# Putting weight on a picky eater!



## HoosierShadow (Apr 20, 2010)

I had posted in Caprine Care a while back about our buck who got severely sick <goat polio> from a feed change. My husband used to buy and feed the grain, so he didn't notice the change...

So anyway, he lost a LOT of weight, he'll probably never walk normally, probably always have a limp/some weakness in the hind left 

We switched back to feed mill grain so we never have the issue of the feed store changing feed on us when they can't get the regular stuff in.

BUT, our buck doesn't like the feed. It's medicated 15% and what most meat goat raisers in the area use & recommend. 
He doesn't like the crum part, and wastes it, and it's quite a bit he wastes, which has me concerned.

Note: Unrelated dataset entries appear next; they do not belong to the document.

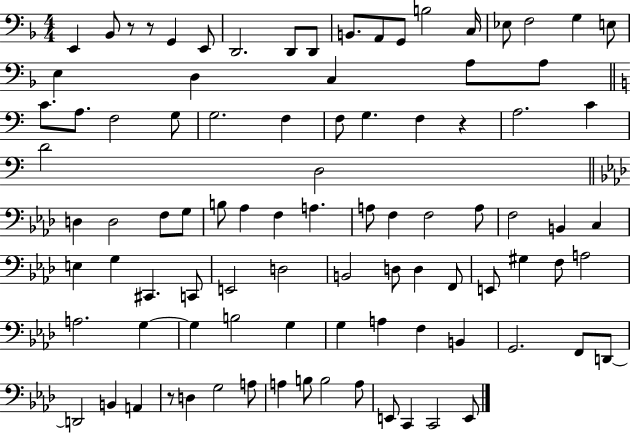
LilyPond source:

{
  \clef bass
  \numericTimeSignature
  \time 4/4
  \key f \major
  e,4 bes,8 r8 r8 g,4 e,8 | d,2. d,8 d,8 | b,8. a,8 g,8 b2 c16 | ees8 f2 g4 e8 | \break e4 d4 c4 a8 a8 | \bar "||" \break \key c \major c'8. a8. f2 g8 | g2. f4 | f8 g4. f4 r4 | a2. c'4 | \break d'2 d2 | \bar "||" \break \key f \minor d4 d2 f8 g8 | b8 aes4 f4 a4. | a8 f4 f2 a8 | f2 b,4 c4 | \break e4 g4 cis,4. c,8 | e,2 d2 | b,2 d8 d4 f,8 | e,8 gis4 f8 a2 | \break a2. g4~~ | g4 b2 g4 | g4 a4 f4 b,4 | g,2. f,8 d,8~~ | \break d,2 b,4 a,4 | r8 d4 g2 a8 | a4 b8 b2 a8 | e,8 c,4 c,2 e,8 | \break \bar "|."
}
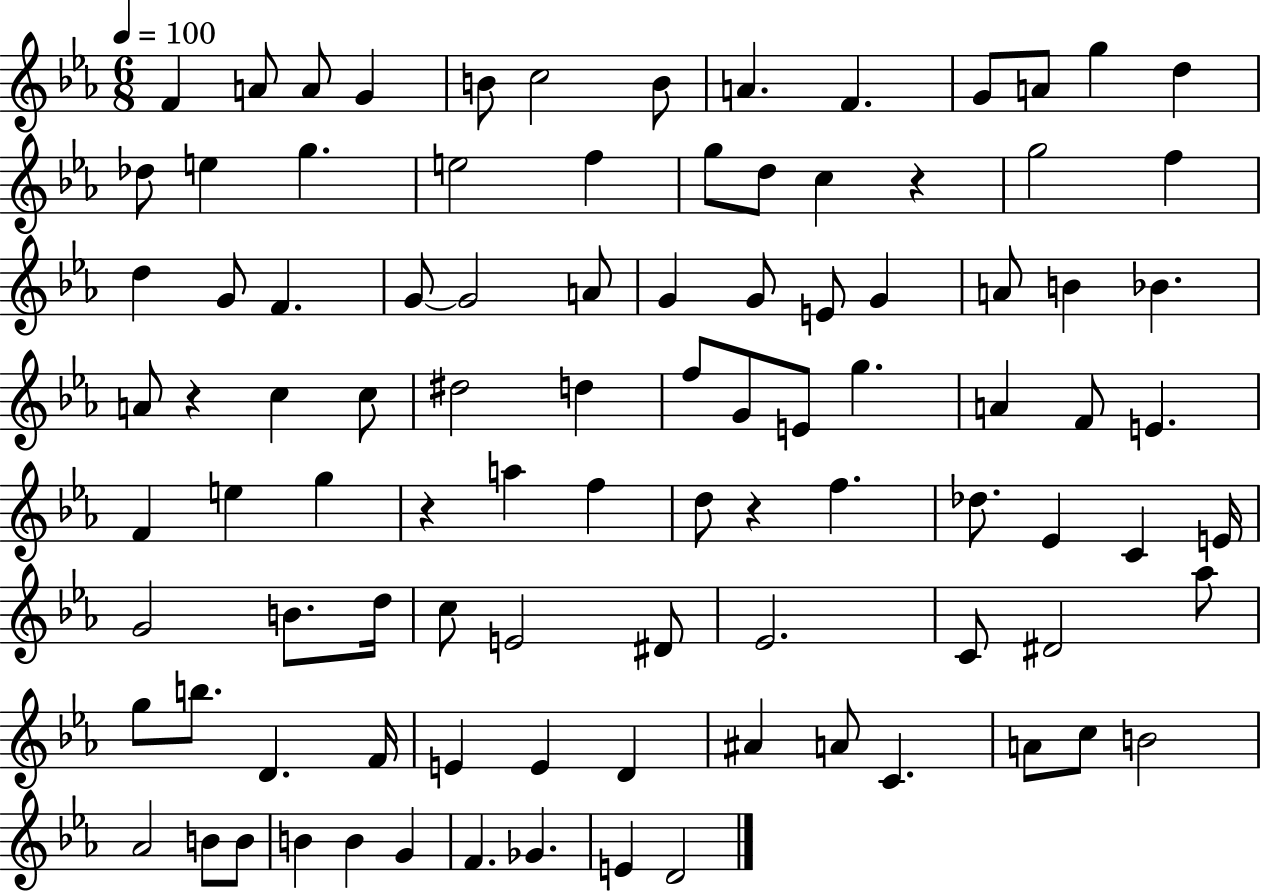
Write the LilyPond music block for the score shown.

{
  \clef treble
  \numericTimeSignature
  \time 6/8
  \key ees \major
  \tempo 4 = 100
  f'4 a'8 a'8 g'4 | b'8 c''2 b'8 | a'4. f'4. | g'8 a'8 g''4 d''4 | \break des''8 e''4 g''4. | e''2 f''4 | g''8 d''8 c''4 r4 | g''2 f''4 | \break d''4 g'8 f'4. | g'8~~ g'2 a'8 | g'4 g'8 e'8 g'4 | a'8 b'4 bes'4. | \break a'8 r4 c''4 c''8 | dis''2 d''4 | f''8 g'8 e'8 g''4. | a'4 f'8 e'4. | \break f'4 e''4 g''4 | r4 a''4 f''4 | d''8 r4 f''4. | des''8. ees'4 c'4 e'16 | \break g'2 b'8. d''16 | c''8 e'2 dis'8 | ees'2. | c'8 dis'2 aes''8 | \break g''8 b''8. d'4. f'16 | e'4 e'4 d'4 | ais'4 a'8 c'4. | a'8 c''8 b'2 | \break aes'2 b'8 b'8 | b'4 b'4 g'4 | f'4. ges'4. | e'4 d'2 | \break \bar "|."
}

We can only get him to eat about 2lbs a day. Right now his feeder is a black feed trough from TSC, and I give him enough that it nearly fills it up. He gets fed 2x a day but prefers to eat grain in the evening/overnight.

I won't use anything like wheat germ oil because I think he'll just waste it. We did give him alfalfa hay <it was GOOD hay too>, but he wasted quite a bit, and I just don't have $9.00 a bale right now. He always has grass hay, we have 3 different kinds that we mix together <rolled grass hay, clover and a clover mix>.

He does not like alfalfa pellets, absolutely protests the stuff.

I plan on adding a little BOSS next week, since I plan on getting it for the girls.

I just don't know what else to try without wasting a bunch of $$ if he doesn't like it. 
I thought about maybe getting him a goat protein block? I think they are 24% for about $7-10.

He seems to be gaining some, and i know it won't happen overnight. But under all the wild hair, his rump is bony and he looks pretty narrow  I am so sad this happened to him. He looked great <looked pregnant!> until he got sick from that grain.

BTW, we wormed 2x with ivermectin inj. a week apart, last time was a week and a half ago. I plan to have a fecal done just to rule out any underlying problems there and ease my mind, but may not be able to get it done until next Monday.


----------



## KW Farms (Jun 21, 2008)

Hmm...I don't have this problem with my goats luckily. What if you tried like a warm molasses water and kind of softened his grain/crumbles? You could actually mix the molasses and water in a spray bottle and spray it down a bit. Might sweeten it for him and maybe that will help. Or maybe just take a bit of sweetfeed and mix it with the crumbles? Otherwise, maybe he's just not hungry enough. I might even just leave only the stuff he doesn't like out for him and just leave him be for a day or two and see if he'll start eating on it. :shrug:

Maybe even have his teeth been checked, might be good just to make sure his teeth aren't bothering him. Hope he picks up weight for ya and starts eating up his feed!


----------



## HoosierShadow (Apr 20, 2010)

Thanks Kylee, he's such a weird goat, I don't think we'll keep him much longer because of this. If you mix anything in with it he will still work hard to leave the crumbs. When we bought him we used this kind of grain and he did the same thing, when we switched to the non medicated sweet feed he ate every bite. But after the ordeal we had with him getting so sick, we switched back to the feed mill grain and this is the only goat feed they mix. 
I tried to talk my husband into maybe trying feed from Southern states just for him, but they want $14 a bag, and we pay $8 for basically the same thing... My husband refuses to have to buy 2 different kinds of feed, and I am kinda the same way, the only time I've ever done it was for a couple of 4-H goats for my kids <and saw no difference so don't plan to do that again this year>.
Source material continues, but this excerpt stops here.